Sonae diz que decisão da Concorrência "cai pela base"

A Sonae considera que a decisão da Autoridade da Concorrência "cai pela base" porque a Sonae e a EDP não são concorrentes reais nem potenciais e vai recorrer da decisão, estando "totalmente segura" de que os tribunais lhe darão razão.

Em declarações à Lusa, o administrador da Sonae Luís Reis disse que aquilo de que a empresa é acusada "é impossível", na medida em que a Sonae e a EDP "não são concorrentes reais nem são concorrentes potenciais", porque "nem a EDP tem, teve ou terá supermercados nem a Sonae tem, teve ou terá intenção de comercializar energia".

O responsável da Sonae refuta também a acusação da Concorrência de que o acordo entre as empresas prejudicou os consumidores e afirma que "foi altamente benéfico", já que os consumidores "beneficiaram em 6,7 milhões de euros de descontos".

Luís Reis aponta ainda que a Concorrência "tem conhecimento deste contrato e de todas as cláusulas do contrato desde o momento de lançamento do produto", pelo que "se havia alguma coisa grave na perspetiva da AdC, então a AdC devia ter dito na altura".

A Autoridade leu o contrato em 2012 e não encontrou lá nada.

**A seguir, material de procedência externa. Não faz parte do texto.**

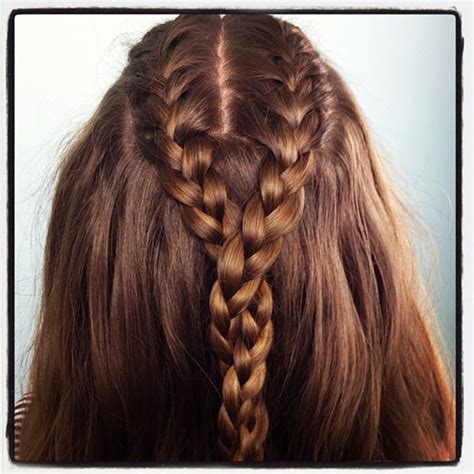 Double French Braid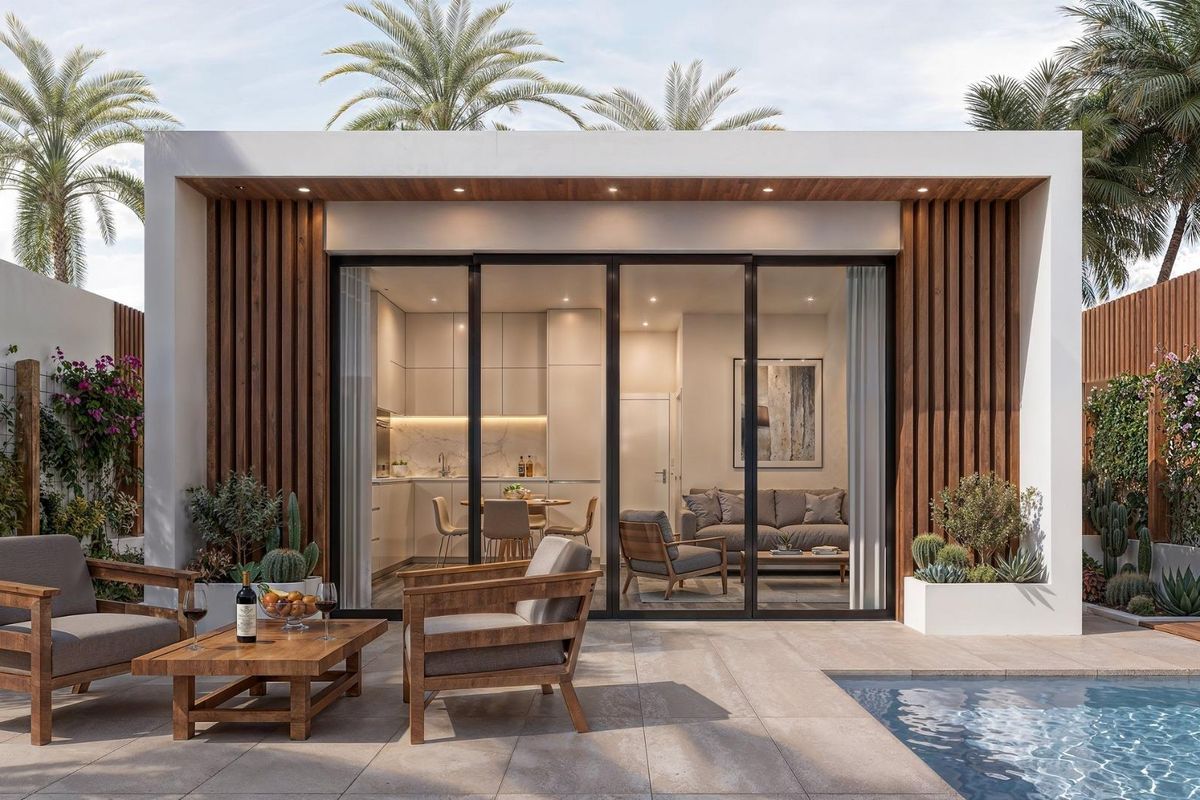 Ground floor apartment in Vera Playa with sea views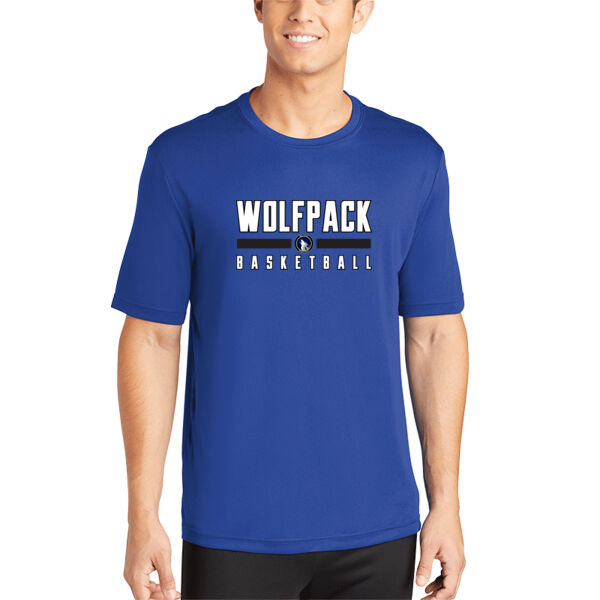 Wolfpack Basketball PosiCharge Competitor Tee Thumbnail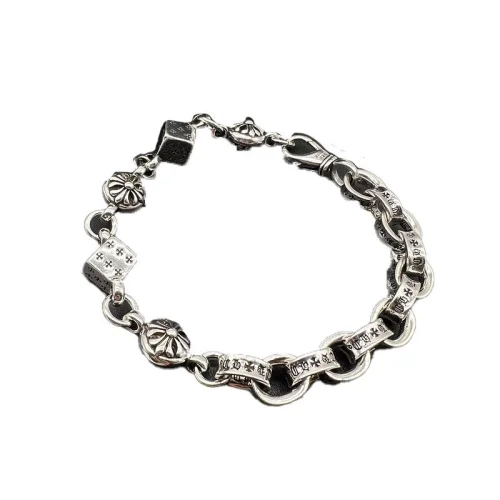 Браслет Chrome Hearts 2004 With Bindings "Silver"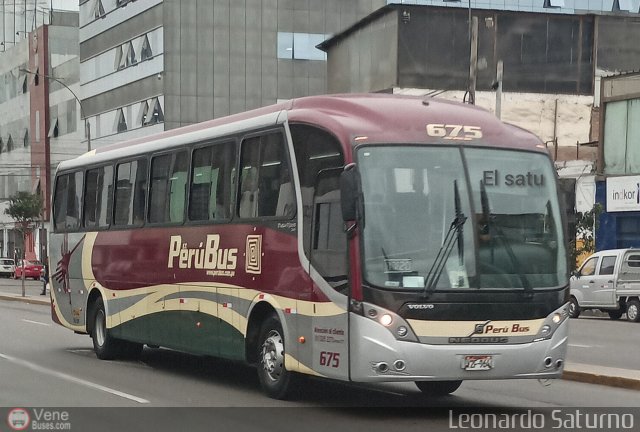 Empresa de Transporte Per� Bus S.A. 675 por Leonardo Saturno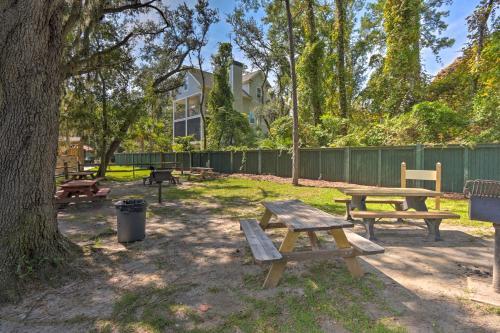 Apartamento Hilton Head Resort Retreat With Top Amenities!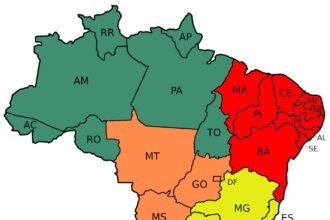 regioes do brasil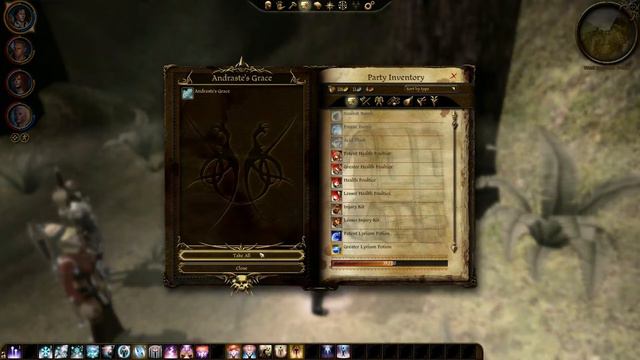 DA:O Nightmare (HD) - Andraste's Grace смотреть онлайн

Entretanto mudou de opinião e mudou mal", reitera.

Outro argumento da AdC é que o acordo entre as duas empresas prejudicou estruturalmente o mercado da energia, uma acusação que Luís Reis diz ter sido feita "a contrário" do parecer da Entidade Reguladora dos Serviços Energéticos (ERSE).

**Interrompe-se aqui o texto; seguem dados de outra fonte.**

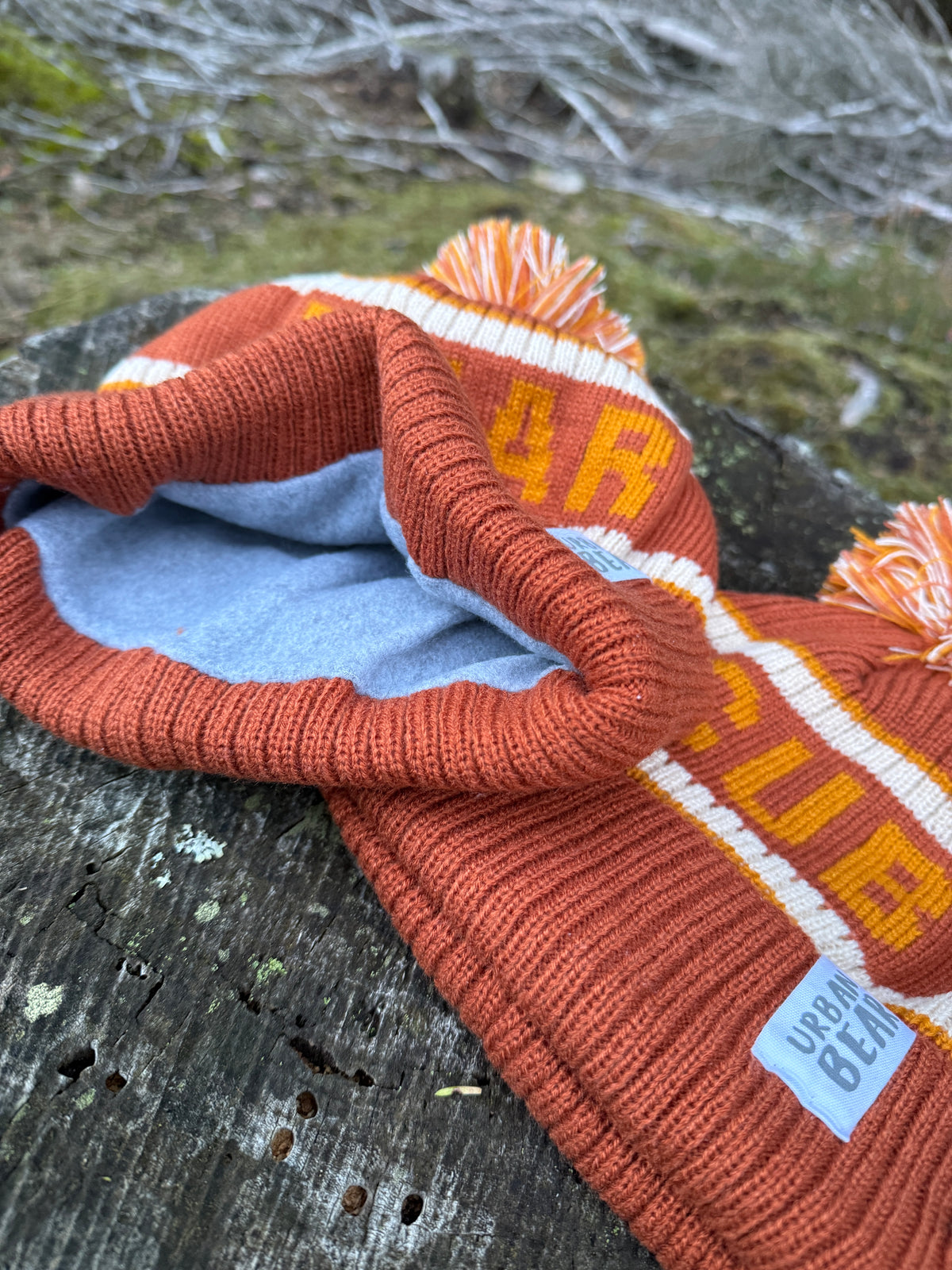 Bear & Cub Matching Hat Set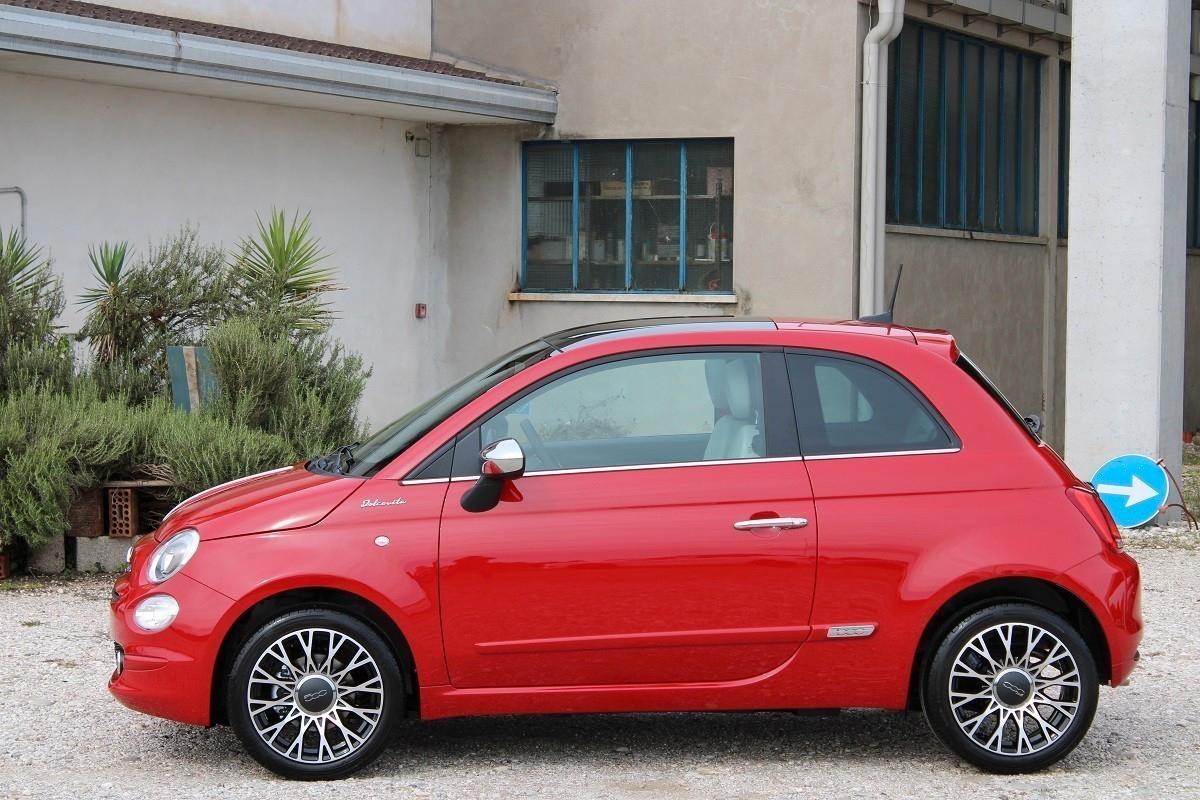 Fiat 500 1000 FireFly Hybrid 70CV Dolcevita ***Km. Zero***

A AdC foi perguntar a quem percebe do mercado de energia em Portugal, que é a ERSE, e a ERSE declarou que este acordo não teve qualquer impacto no setor da energia. A AdC decide a contrário da opinião da ERSE", lamentou.

Neste sentido, a Sonae vai impugnar judicialmente a decisão e Luís Reis disse estar "totalmente convicto de que esta decisão é errada e não está em conformidade com a lei" e que os tribunais vão dar razão à empresa.

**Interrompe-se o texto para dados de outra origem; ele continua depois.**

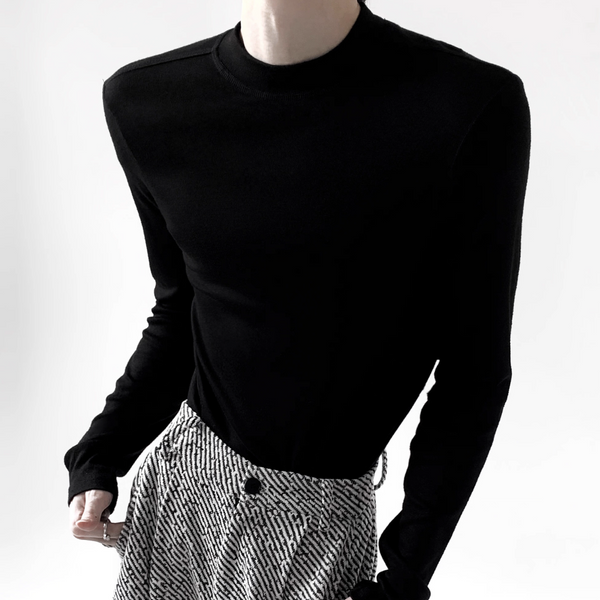 【11.14新作】スリムフィットモードカットソー mf3581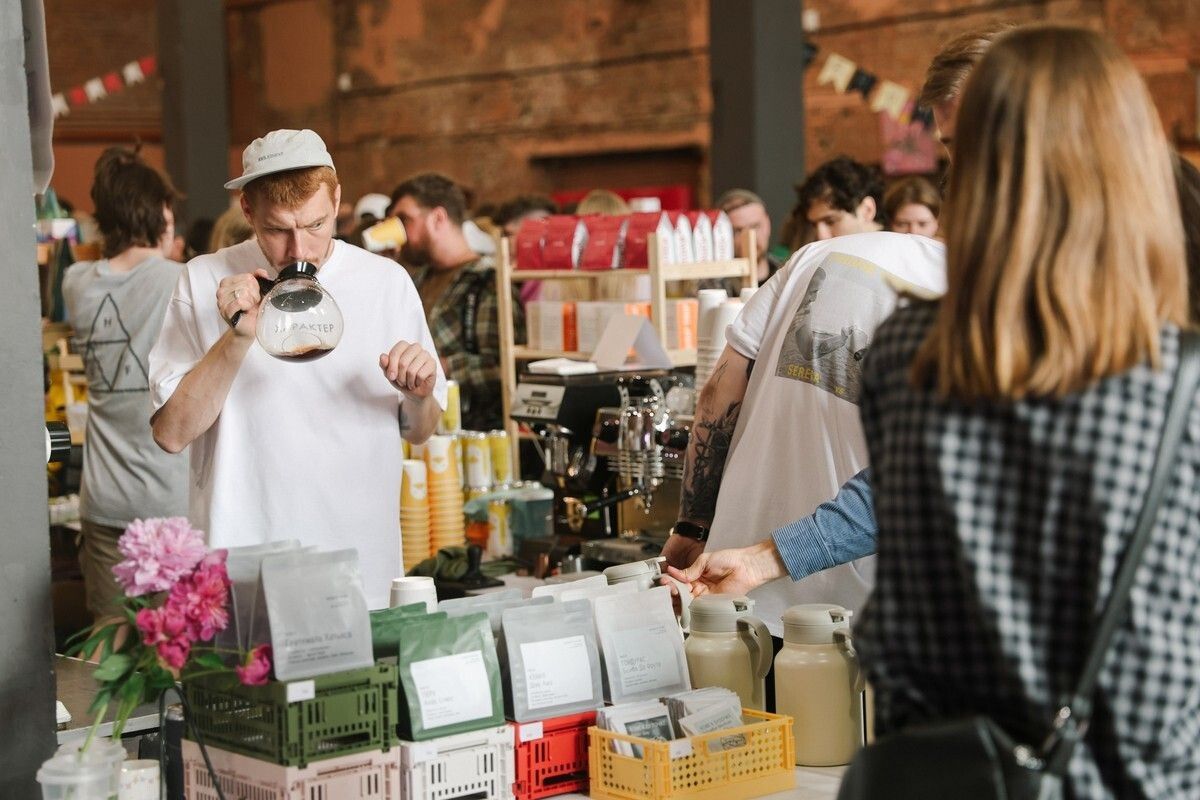 Кофейная революция: как Open Coffee Fest объединяет любителей кофе в Санкт-Петербурге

O 'Plano EDP Continente', que vigorou entre 09 de janeiro de 2012 e 31 de dezembro de 2012, permitia aos consumidores aderentes "um desconto correspondente a 10% do seu consumo de energia elétrica e da potência contratada", segundo explica a Sonae em comunicado.

A Sonae indica que houve 146 mil adesões a este programa, tendo sido distribuídos "mais de um milhão de cupões de descontos", tendo sido proporcionado "pela primeira vez" em Portugal poupanças nas despesas de eletricidade.

Quando as duas empresas lançaram o 'Plano EDP Continente', ficou também estabelecido que a Sonae não comercializaria energia elétrica e gás natural e que a EDP Comercial não distribuiria bens alimentares em Portugal Continental.